__Work order__:
Copy all the entries below exactly, but not the pictures.

Record set below:

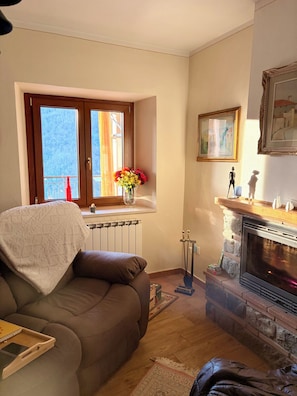 Ein Wohnzimmer mit Sofa, Kamin, einem Vorhangfenster und einer Vase mit Blumen.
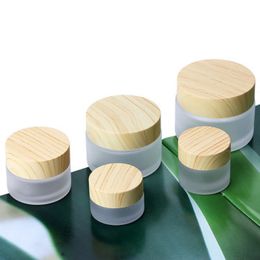 Wood grain cover cream bottle simple environmental protection leak-proof frosted glass round mask water emulsion bottle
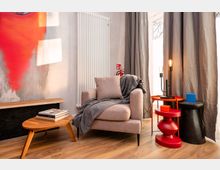 Gemütliche Wohnecke mit beigem Sessel und grauer Decke neben einem großen Fenster mit langen grauen Vorhängen. Davor stehen ein niedriger Holztisch mit Büchern sowie farbige Beistelltische mit Lampen; an der Wand befinden sich ein weißer Heizkörper und ein abstrakter roter Wandbereich.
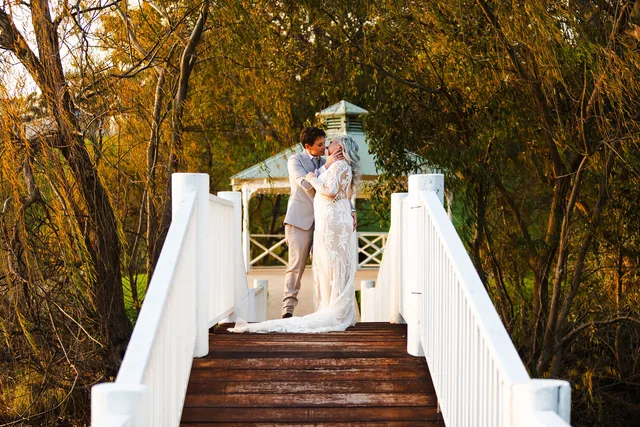 Two brides kissing on the gazebo steps, the dress spilling down behind them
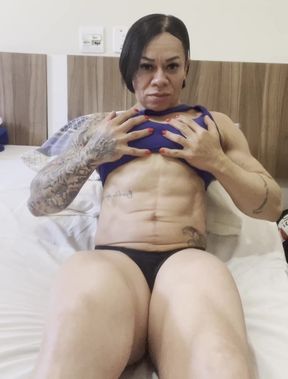 Busty MILF shows off her muscles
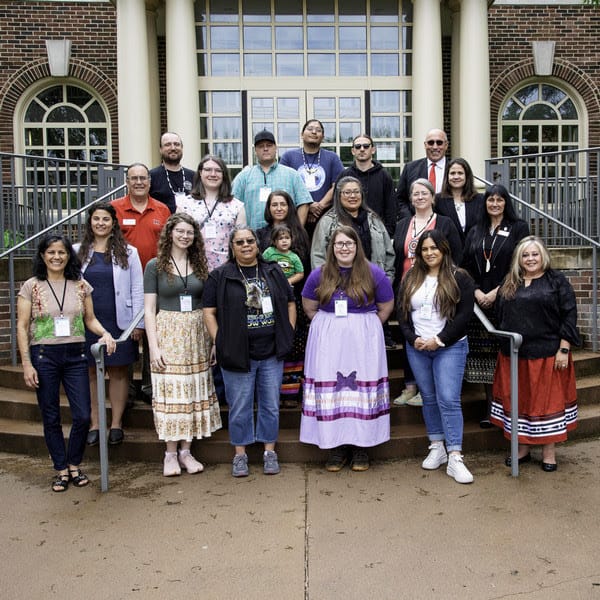 A couple dozen people pose for a photo on a stairway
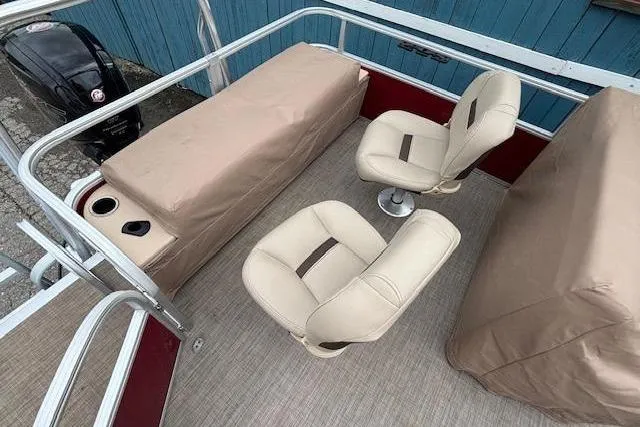 Slide: The Image of 2019 Sun Tracker SportFish 22 DLX interior with beige seating and covered storage. - 31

End of Record set.

__Result__:
 Ein Wohnzimmer mit Sofa, Kamin, einem Vorhangfenster und einer Vase mit Blumen.
 Wood grain cover cream bottle simple environmental protection leak-proof frosted glass round mask water emulsion bottle
 Gemütliche Wohnecke mit beigem Sessel und grauer Decke neben einem großen Fenster mit langen grauen Vorhängen. Davor stehen ein niedriger Holztisch mit Büchern sowie farbige Beistelltische mit Lampen; an der Wand befinden sich ein weißer Heizkörper und ein abstrakter roter Wandbereich.
 Two brides kissing on the gazebo steps, the dress spilling down behind them
 Busty MILF shows off her muscles
 A couple dozen people pose for a photo on a stairway
 Slide: The Image of 2019 Sun Tracker SportFish 22 DLX interior with beige seating and covered storage. - 31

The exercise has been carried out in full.